En même temps, elle me tendait la patte du chat pour que je la serre. Ce faisant je ne pus m'empêcher d'admirer sa taille et sa beauté.
– Mais, dis-je, sa patte à l'air d'un petit gant de boxe plein de griffes.
– Cela doit être ainsi, dit-elle en souriant. N'avez-vous pas remarqué que mon Sylvio a sept doigts? Regardez!
Elle lui ouvrit la patte, et il y avait en effet sept griffes distinctes, recouvertes chacune d'une gaine fine et délicate. Tandis que je caressais doucement la patte les griffes sortirent et accidentellement – le chat n'était pas en colère et ronronnait – l'une vint me griffer la main. En retirant cette main, je dis instinctivement:
– Eh bien! ses griffes coupent comme des rasoirs!

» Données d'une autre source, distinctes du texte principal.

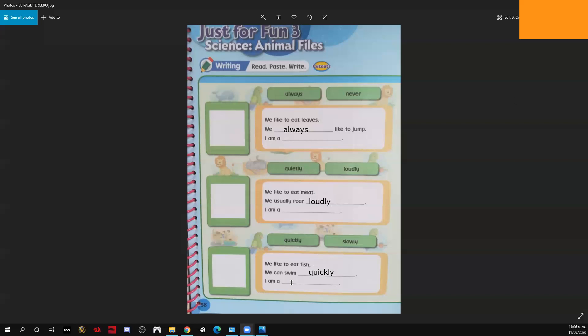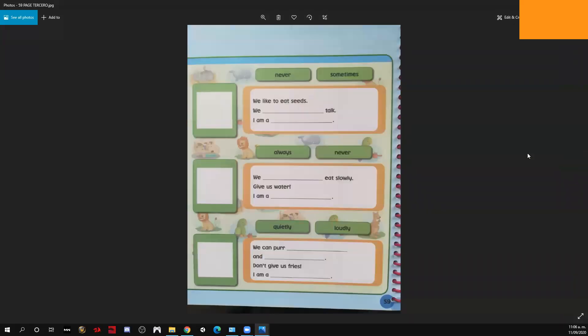Entonces acá vamos a escribir el animal obviamente en inglés — eso está en la página 52, lo hemos trabajado en el cuaderno y en el libro. Si ustedes consideran que necesitan retroceder el video, pueden hacerlo ya que esto es un video en YouTube. Ok, please go to the next page — page 59.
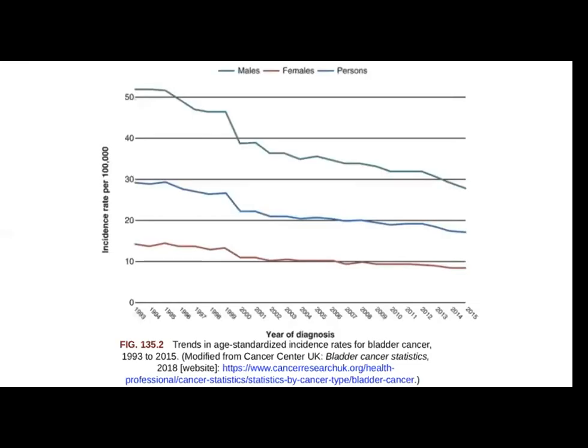This is the incidence of bladder cancer in history. As you can see, there has been a decline since it was documented. This is due to the population getting younger — this is due to age.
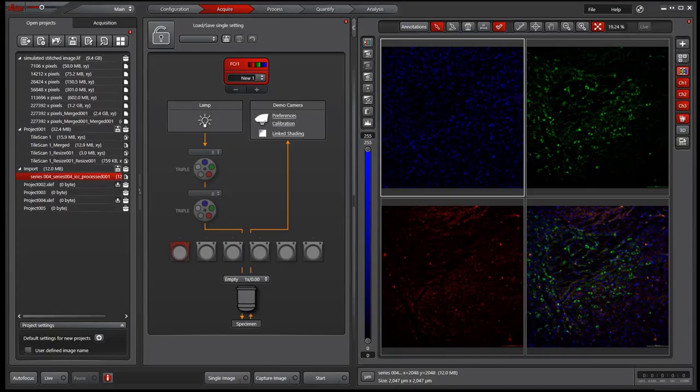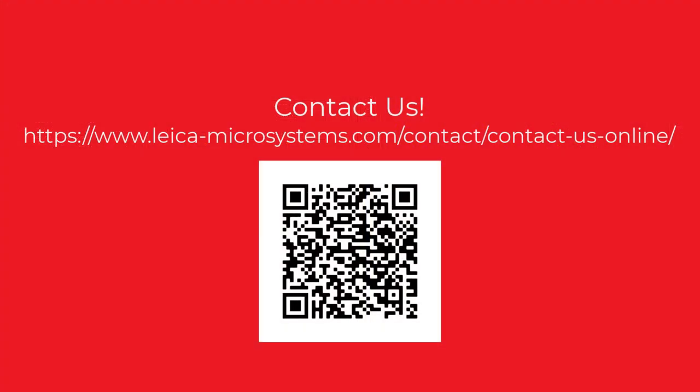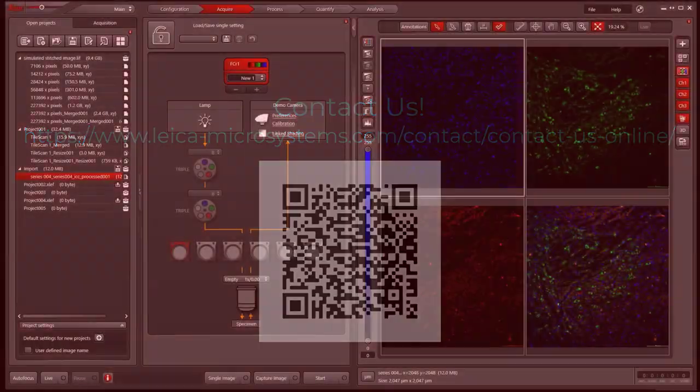So now you should know how to handle large image size in LSX software now. If you have any questions, please contact a local advanced workflow specialist or fill out the form at leica-microsystems.com. Thank you.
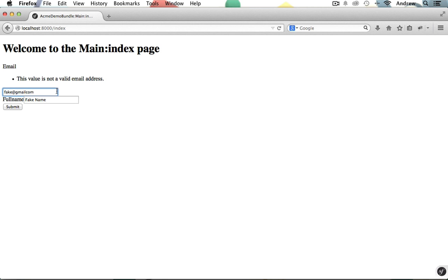So now let's try making it valid. We'll put the decimal point back in here. Fake at gmail.com and hit Submit. And perfect. We now get our success message saying that the person was created. And we now know the validation has passed.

Le Dr Winchester s'était approché de nous et se penchait pour examiner les griffes du chat. Tandis que je parlais il fit entendre une interjection «Eh!» En même temps, il reprenait rapidement sa respiration. Tandis que je caressais le chat à présent calmé, le docteur alla jusqu'à la table pour arracher une feuille de buvard au sous-main et revint. Il étendit le buvard sur la paume de sa main et avec un simple «Excusez-moi!» destiné à Miss Trelawny. Il posa dessus la patte du chat et fit pression avec son autre main. Le chat hautain ne parut pas apprécier cette familiarité, et il essaya de dégager sa patte. C'était visiblement ce que le docteur souhaitait, car, ce faisant, le chat ouvrit les gaines de ses griffes et fit plusieurs éraflures sur le papier souple. Alors Miss Trelawny emporta son animal favori. Elle revint au bout de deux minutes et dit en rentrant:
– Il y a quelque chose de vraiment étrange avec cette momie! Quand Silvio est entré pour la première fois dans cette chambre – je l'avais apporté alors qu'il était tout bébé pour le montrer à père – il s'est comporté exactement de la même façon. Il a sauté sur la table, il a essayé de griffer et de mordre la momie. C'est ce qui a tellement mis mon père en colère et provoqué la sentence de bannissement dont a été victime le pauvre Silvio.
Pendant qu'elle était absente, le docteur Winchester avait ôté le bandage du poignet de son père. La blessure était à présent tout à fait nette, et les différentes coupures apparaissaient sous forme de lignes d'un rouge vif. Le docteur plia le papier buvard en travers de la ligne de piqûres faites par les griffes du chat et l'appliqua contre la blessure. En même temps, il leva les yeux en prenant un air triomphant et nous fit signe d'approcher.
Les coupures faites dans le papier correspondaient aux blessures du poignet! Il n'était besoin d'aucune explication, et il dit:
– Il aurait mieux valu que maître Silvio ne trahisse pas la parole donnée!
Nous sommes tous restés silencieux un instant. Miss Trelawny dit soudain:
– Mais Silvio n'était pas ici hier au soir!
– En êtes-vous sûre? Pourriez-vous en donner la preuve si cela était nécessaire?
Elle hésita avant de répondre:
– J'en suis certaine; mais je crains que ce ne soit difficile à prouver. Silvio dort dans ma chambre, couché dans un panier. Je l'ai certainement mis au lit hier au soir; je me rappelle nettement avoir étendu sur lui sa petite couverture, et l'avoir bordé. Ce matin, je l'ai sorti moi-même du panier. Je n'ai certainement remarqué sa présence ici à aucun moment; cependant, cela ne signifierait pas grand-chose, car j'étais trop préoccupée au sujet de mon pauvre père, et trop absorbée par lui pour avoir même remarqué Silvio.